Collier's division focuses on preventing and interdicting legitimately manufactuered controlled pharmacuticals, such as oxycodone and hydrocodone from getting to the black market.

Diversion has had a keen eye on the abuse of pharma pills since the year 2000.  This can be anything from a doctor to a pharmacist selling the drugs on the street.
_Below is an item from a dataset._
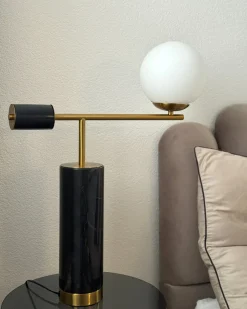Best Beliani Lampada da tavolo HONDO Pietra Nero Nero Oro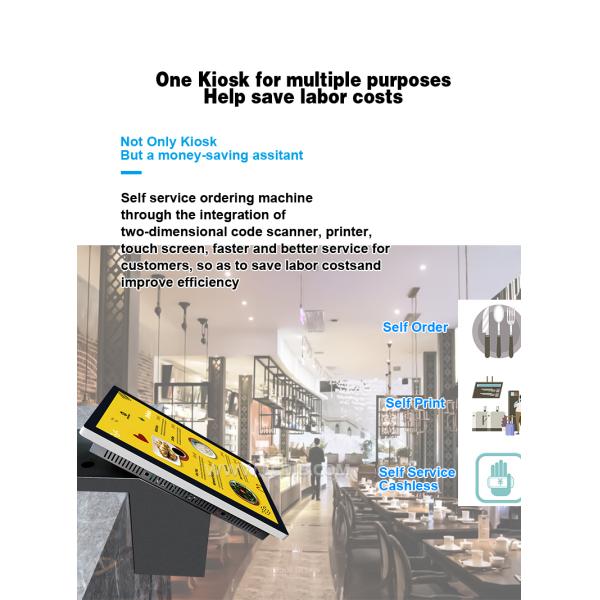 Standalone OS 15.6 inch Wall Mount Self Service Touch Screen Payment Machine with Scanner for QR code/Bar code/IC card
"They simply have a room and they sell prescriptions for no valid medical purpose, but they charge anywhere from $300 to $500 dollars a pop just for the visit," said Collier.  "The first case I ever had was a pyschatrist who simply set up a room where he would bring in 6, 7 or 8 people at a time and go down the row and said what's your name and what do you want?"

Those are the types of people the Diversion Control Division target.  It's a preventative measure to try and stop the pills from ever getting to the street.  

Derby regers to Fentanyl as the deadliest drug to come to the U.S.  It's now being synthetically made, similar to how K-2 marijuana is made and then brought into the United States illegally.

ABC 17 News asked Collier if he thought there was a way the spiraling epidemic could be stopped.  "If I didn't think we couldn't make significant progress to reduce this problem I wouldn't be here."